Combs played on four pennant-winning teams and three World Series champions, in 1927, 1928, and 1932. The 1932 Yankees, now managed by Joe McCarthy after Huggins's death in 1929, swept the Chicago Cubs in four games. Combs was a quiet, modest presence on rosters dominated by larger personalities, and his teammates respected him for the professionalism and consistency he brought to the ballpark every day. Huggins reportedly said that if he could have a team full of players like Combs, he would never lose a night's sleep, because Combs never caused trouble and always gave everything he had.

The Wall

On July 24, 1934, Combs crashed into the outfield wall at Sportsman's Park in St. Louis while chasing a fly ball. He fractured his skull, broke his shoulder, and injured his knee, a combination of injuries severe enough that his life was initially in danger. He was 35 years old. He spent weeks recovering and attempted a comeback in 1935, appearing in 89 games, but he broke his collarbone during the season and could not sustain the level of play he had maintained for a decade. He retired after the 1935 season with no bitterness and no public complaints about the injury that had ended his career prematurely.

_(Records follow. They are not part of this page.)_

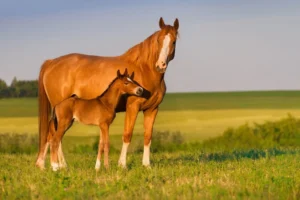 The Role of the TendonPro DSS in Breeding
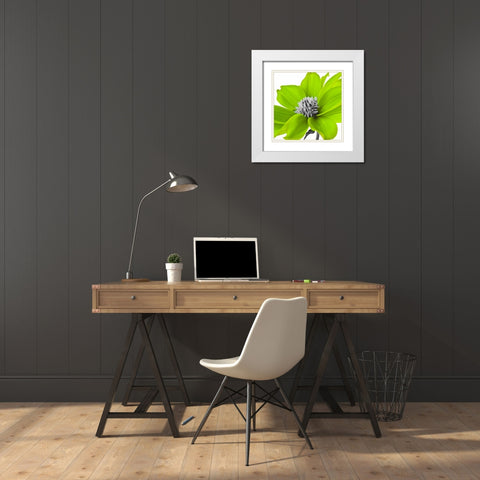 AF20110714 Dahlia 107C15 Green White Modern Wood Framed Art Print with Double Matting by Frank, Assaf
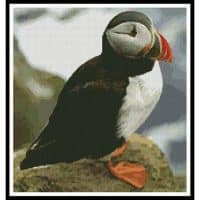 Artecy Cross Stitch Puffin 3 12577 Cross Stitch Chart Hard Copy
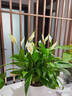 錦楓一帆風(fēng)順白掌盆栽室內(nèi)綠植花卉水培植物四季易活吸除甲醛好養(yǎng) 白掌1盆8-10株+白色泡泡吸水塑料盆40-50高 曬單實(shí)拍圖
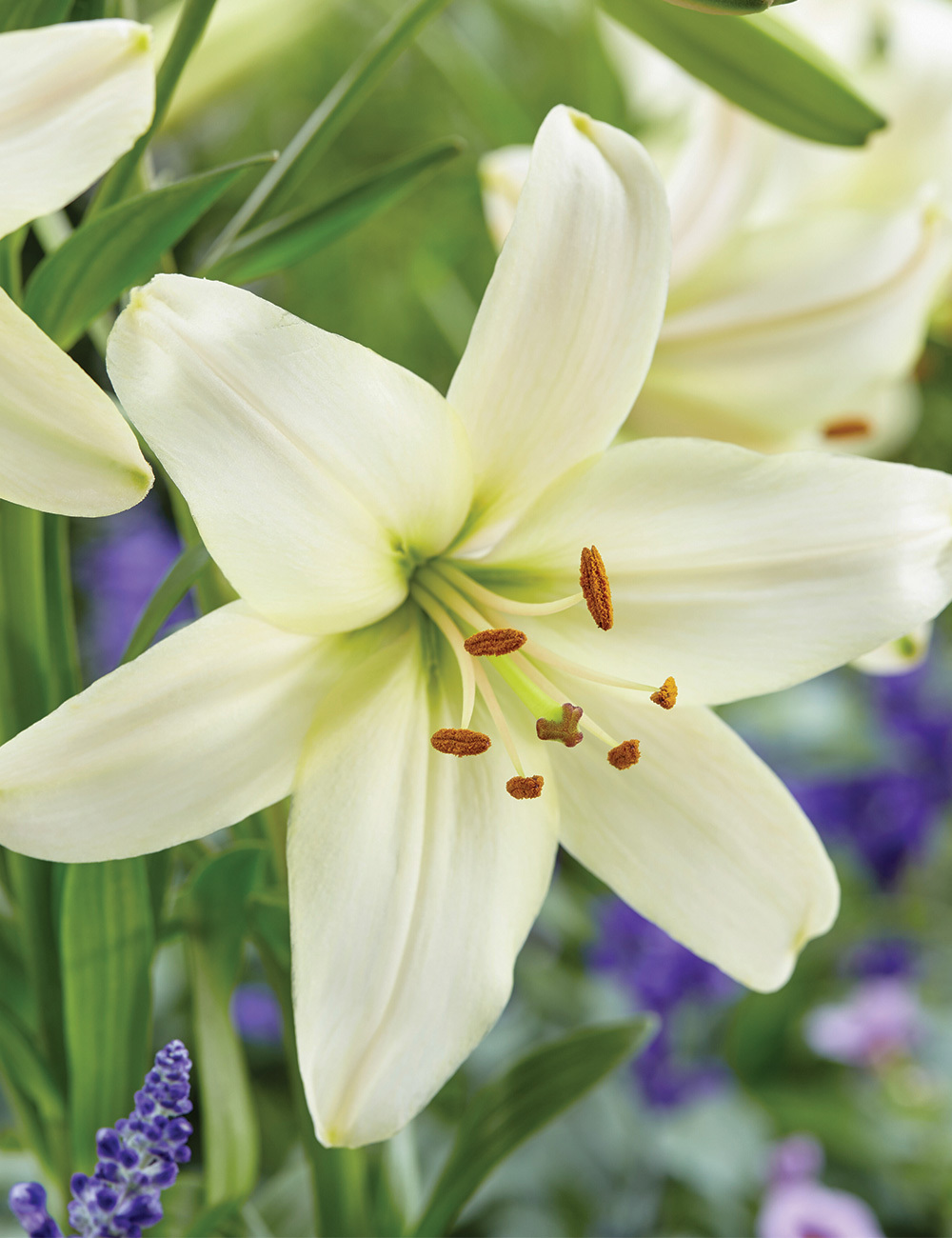 Lilium 'Pearl White'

His career totals included a .325 batting average, 1,866 hits, 154 triples, and 632 RBI across 12 seasons. The triples total reflected his speed and his willingness to run hard on every ball he hit, qualities that served him throughout his career until the wall in St. Louis took them away.

Coaching

Combs returned to baseball as a coach after his playing career ended. He worked on the staffs of the Yankees, St. Louis Browns, Boston Red Sox, and Philadelphia Phillies across more than a decade of coaching, passing along the knowledge he had accumulated during the dynasty years. He coached Bill Dickey and other catchers as a first-base coach for the Yankees and helped develop younger players across every organization he joined.

He returned to Kentucky after leaving coaching and lived quietly in Richmond for the rest of his life. He died on July 21, 1976, at age 77. The Veterans Committee had elected him to the Hall of Fame six years earlier, honoring the center fielder who had batted in front of Ruth and Gehrig and never once let the opportunity go to waste.